Shares of Under Armour Inc (UA) were down as much as 3% on Tuesday, despite a lack of market-moving news. Perhaps investors found themselves wondering whether they’d rather own UA or its biggest rival, Nike Inc (NKE), which reports earnings after the bell Tuesday.
Wall Street expects NKE, the world’s largest apparel company to earn 86 cents a share, up 16% from last year, on $7.81 billion in revenue, which is up 5.8% from the year-ago quarter.
Under Armour’s growth is far more exciting than Nike’s. Analysts covering UA stock expect the company to grow revenues by 26.2% this quarter and see advance per-share earnings nearly 18%.
That said, Tuesday’s pre-NKE earnings move serves as another clear sign that Under Armour’s valuation — the stock trades for 57 times forward earnings — has outpaced its growth. The UA stock price was up more than 50% at one point this year, but now sits on YTD gains around 16%.
Here are a few reasons I expect UA stock will underperform in the near-term — and thus why you should sell now and buy back in at a more favorable price later.
UA Stock Moving Irrationally
In a piece I wrote on Oct. 20 (UA Stock: NOT For the Faint of Heart Before Q3 Earnings), I noted that shares, then trading for $100/share, looked rather expensive. I recommended staying on the sideline, and not buying UA stock before Q3 earnings two days later.
Two days later, Under Armour reported fabulous results, logging its first-ever $1 billion quarter and beating on both EPS and revenue. It had beaten revenue expectations for an incredible 27 straight quarters. Then something strange happened: UA stock plunged, losing 8%.
When stocks start to sell off after exceeding all expectations, that’s a good sign the shares are trading irrationally and that you should take your leave since there’s no longer a method to the madness. I advised investors to do just that, and they’d be better off today if they’d ditched UA stock then.
Today, two months later, I still think you should sell Under Armour stock, especially if you like to gear your portfolio toward short-term trades.
Not only is UA stock a mess from a valuation perspective, it’s technicals are starting to look rotten, too. It’s 50-day moving average (blue line) is quickly converging on the 200-day moving average (red line); if those two eventually cross, and I suspect they will soon, technical traders will sell the living bejesus outta this thing, and maybe even start shorting it.
Aside from all that, analyst Erinn Murphy of Piper Jaffray recently lowered her price target on Under Armour stock due to high levels of inventory going into the holidays.
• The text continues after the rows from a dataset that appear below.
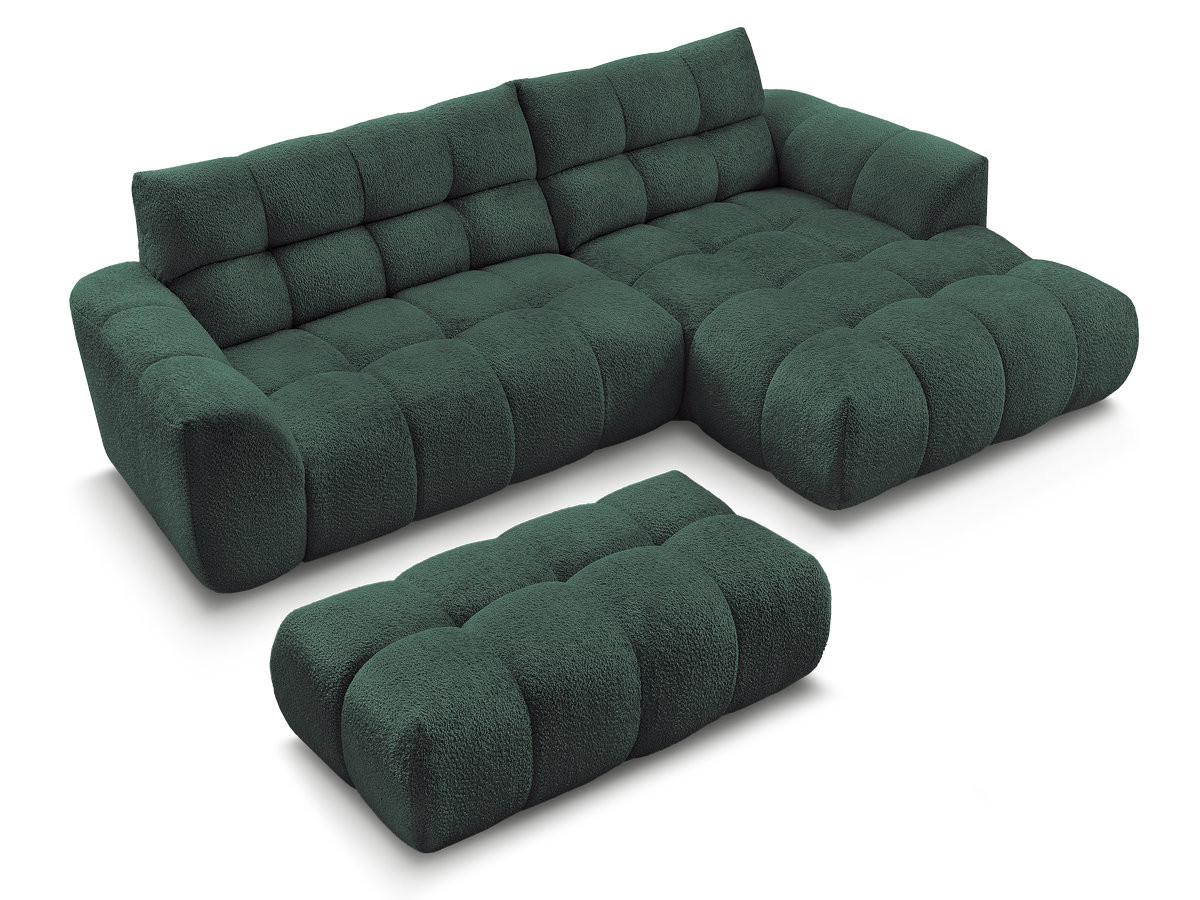 Canapé d'angle fixe JAYA tissu chenille avec pouf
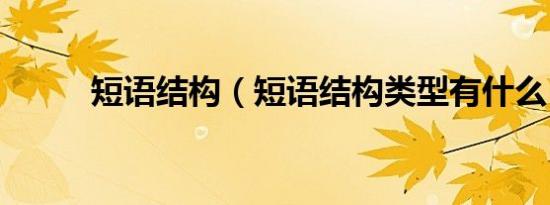 短语结构（短语结构类型有什么）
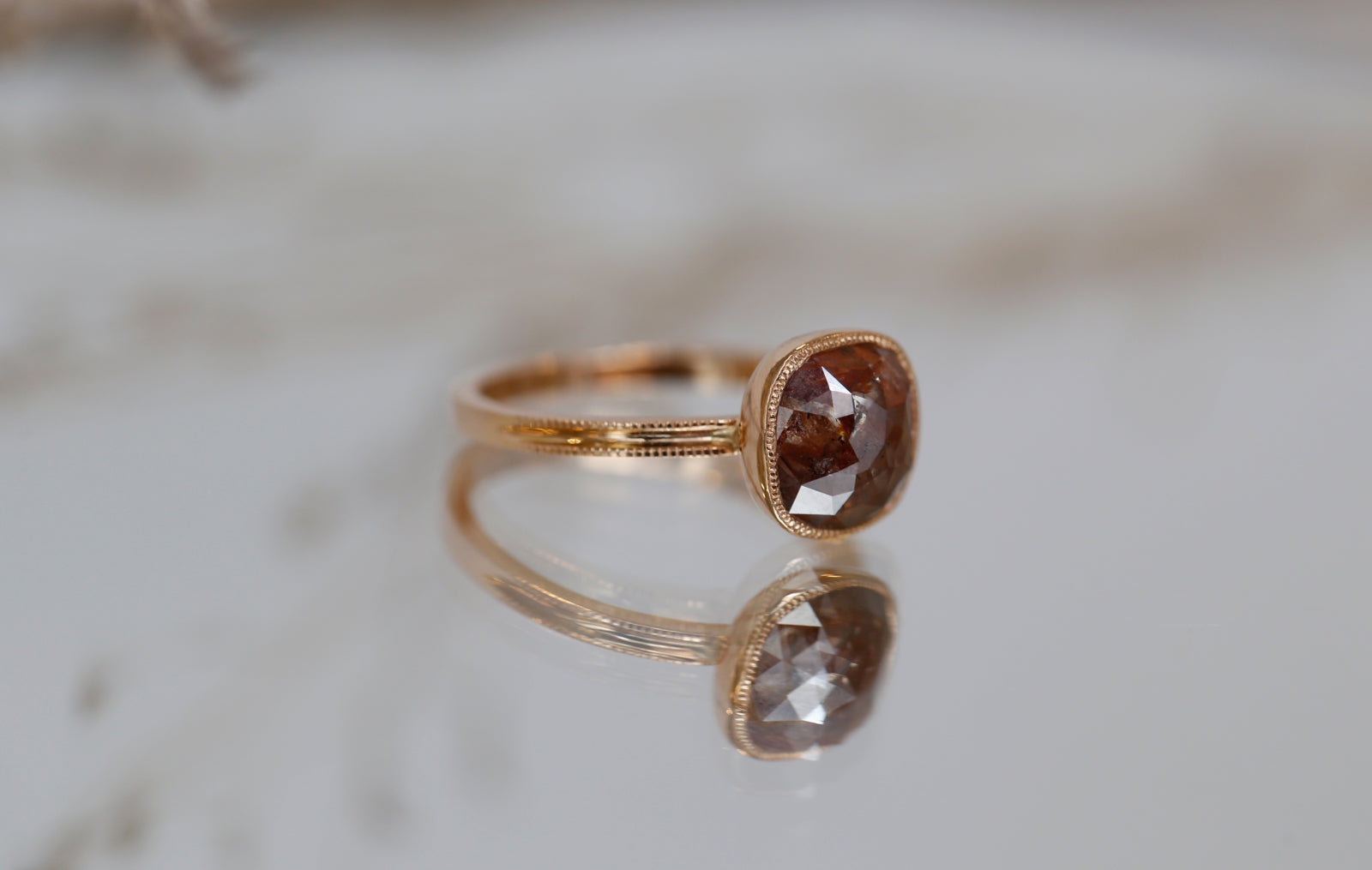 Pièce Unique N°6/2022, Solitaire double milgrain Diamant orange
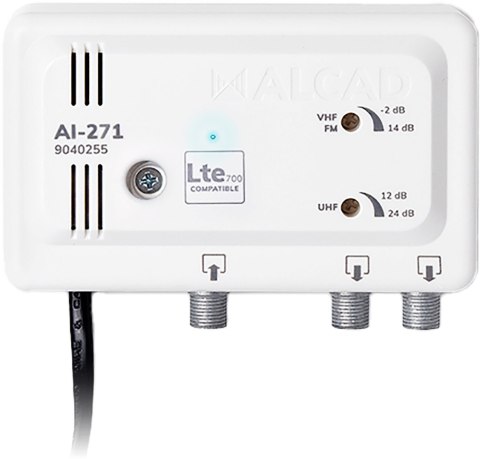 Wzmacniacz telewizyjny szerokopasmowy Alcad AI-271 1we/2wy LTE700 ALCAD Wzmacniacz telewizyjny szerokopasmowy Alcad AI-271 1we/2wy LTE700 ALCAD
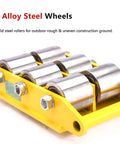 6 Alloy steel wheels for Heavy Duty Machinery Moving Skates With 17600 Lb Load Rating, designed for rough outdoor surfaces.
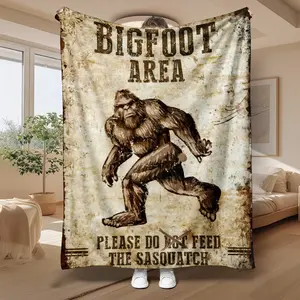 Bigfoot Themed Super Soft Warm Throw Blanket with Storage Bag, Lightweight Cozy Flannel Blanket for Home Sofa, Office, Travel, Camping, Perfect Gift for Fans
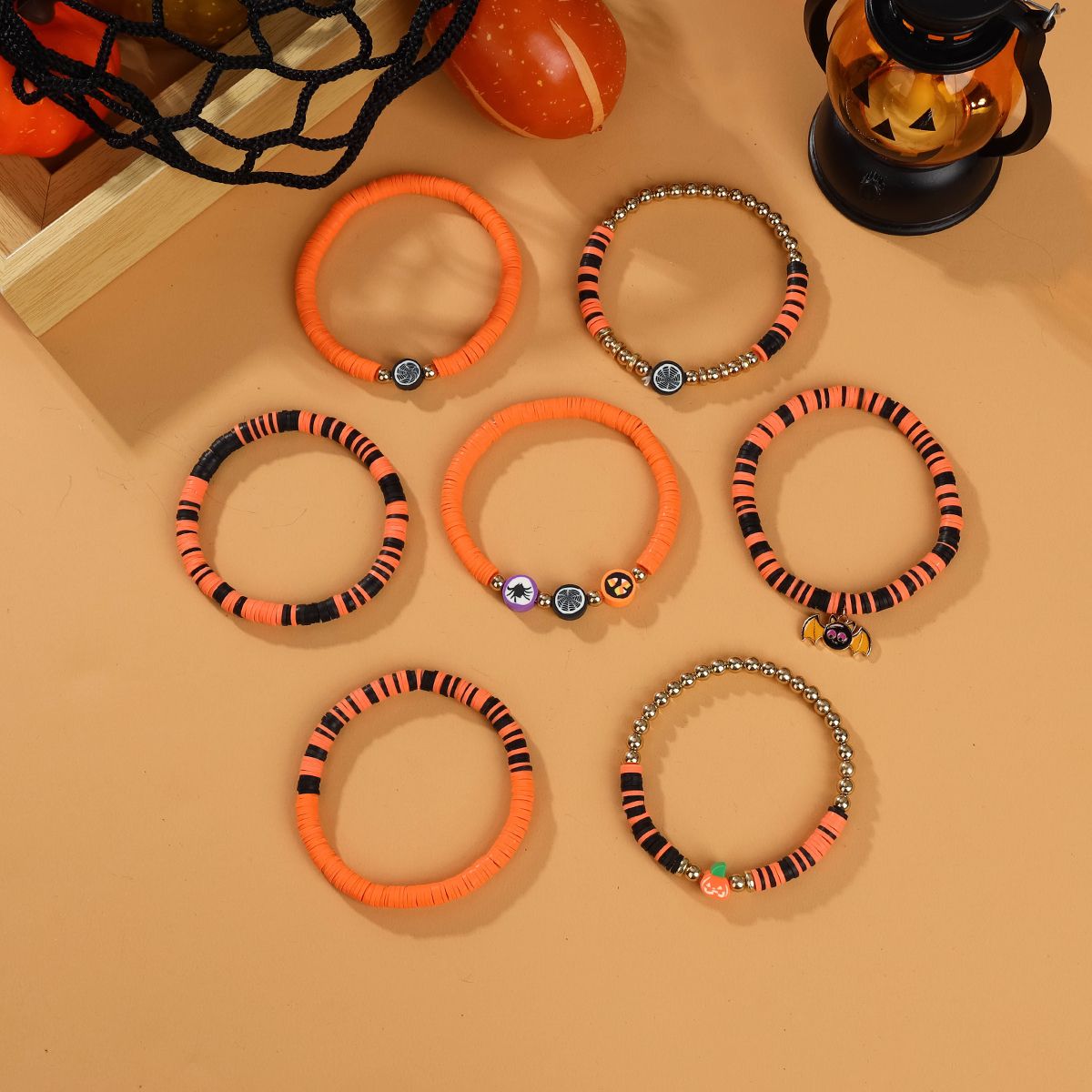 7 Pieces Halloween Soft Ceramic Zinc Alloy Bat Pumpkin Handmade Beaded Elastic Adjustable Fashion Bracelet Set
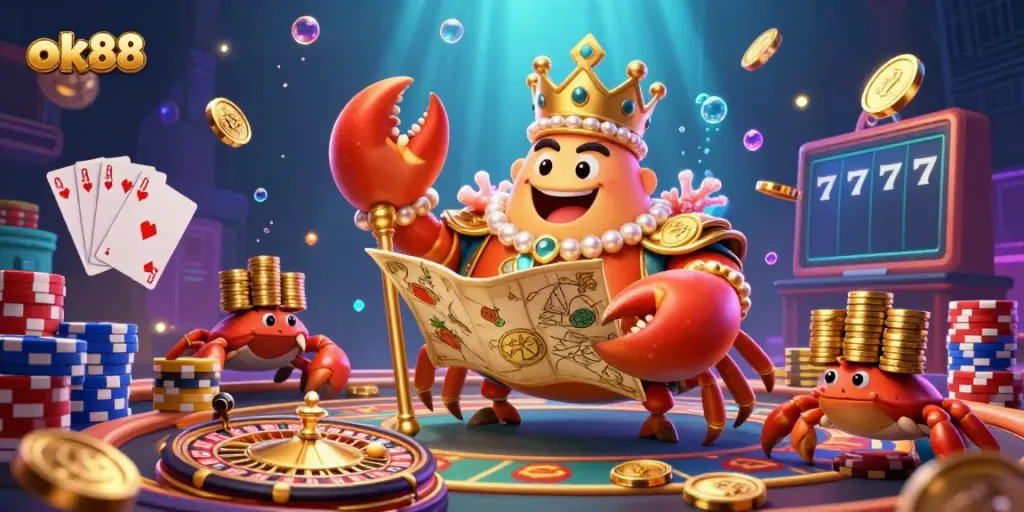 Engage with the vibrant world of ok88 featuring a golden crab emperor amidst dazzling games and treasures.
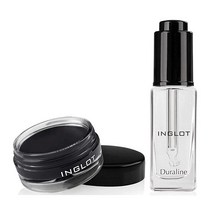 Inglot AMC 아이라이너 젤 77 및 듀랄린 Gute 화장품 휴대용 가방 포함 3피스 번들 801655, Black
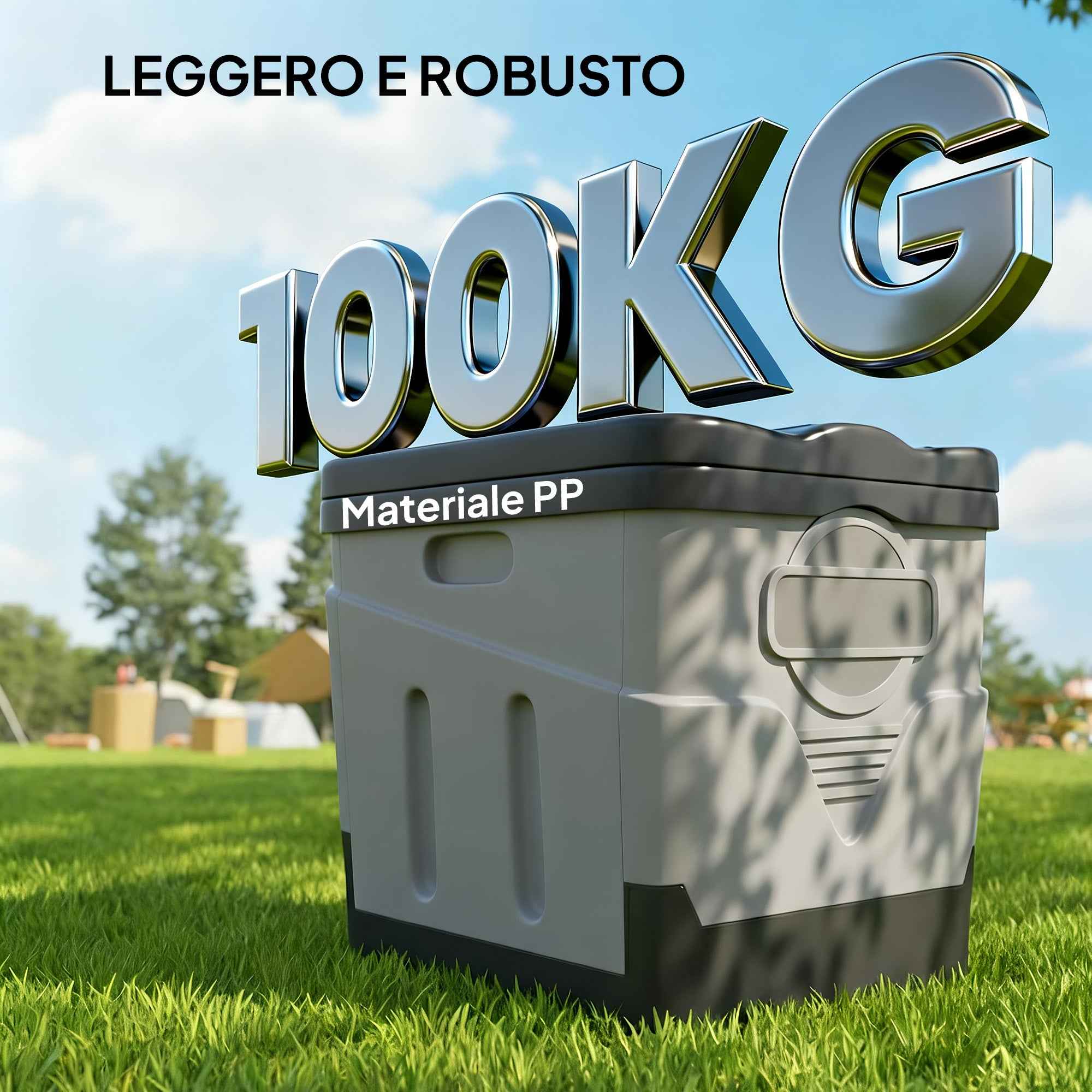 Outsunny Portable Camping Toilet with 12 Clotting Packets and 12 Disposal Bags, 34x29x20 cm, Dark Grey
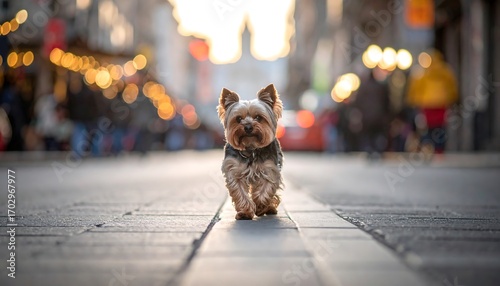 Fototapeta Naklejka Na Ścianę i Meble -  Yorkie on city street at sunset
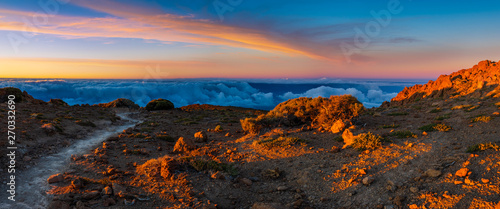 panorama of the Guajara mountain in the light of the rising sun in the Teide National Park in Tenerife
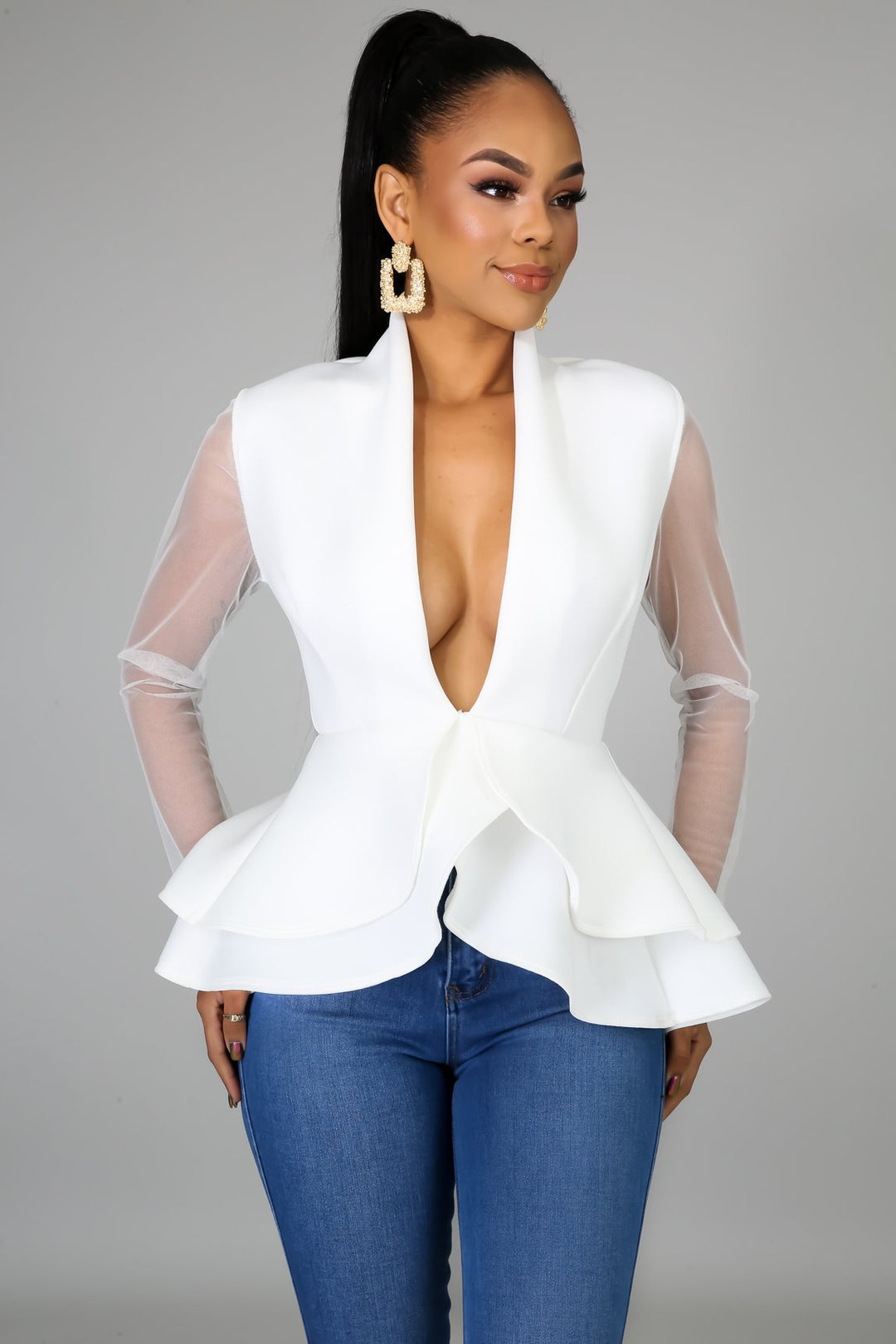 Lotus Flower Peplum Top - Dayna Dior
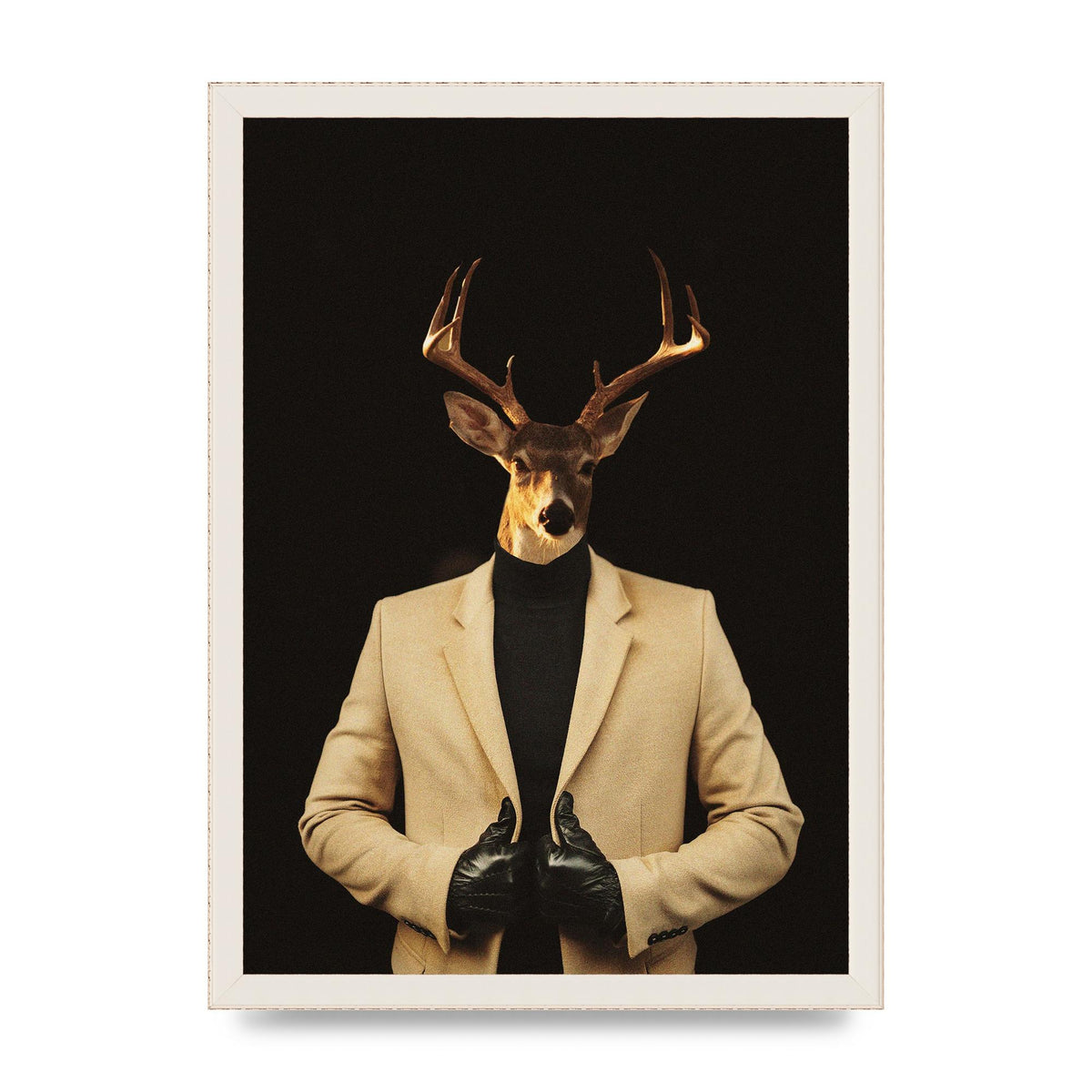 Deer Head Edit Wall Art - A3 framed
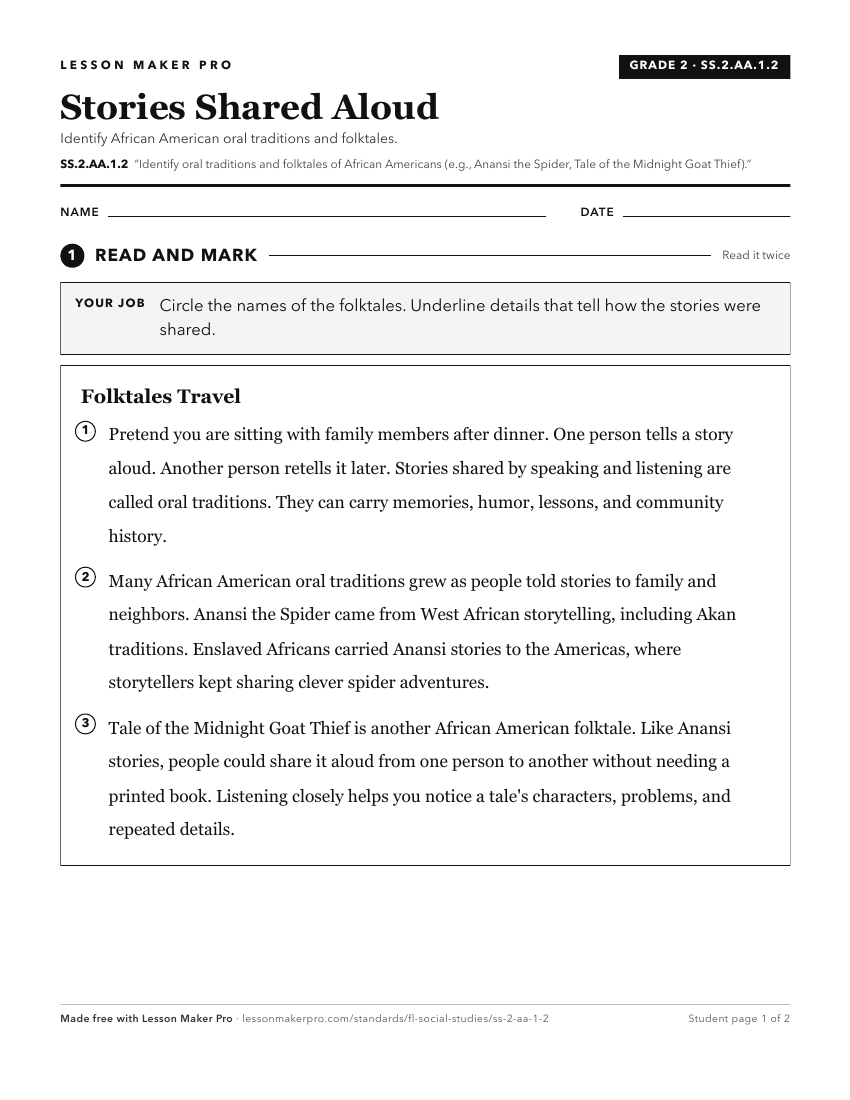 Preview of the SS.2.AA.1.2 printable worksheet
That usually means retailers are forced to heavily discount merchandise to move it off their shelves, and that’s precisely what UA did during the peak holiday shopping season.
Conversely, Murphy noted that wearable devices company Fitbit (FIT) was being anti-promotional, a sign of strong demand and appropriate inventory levels.
As I’ve said before, I like Under Armour the company. But I think the stock is dramatically overbought, and the market seems to be realizing it. Don’t wait on this one to rebound — it may take a few years.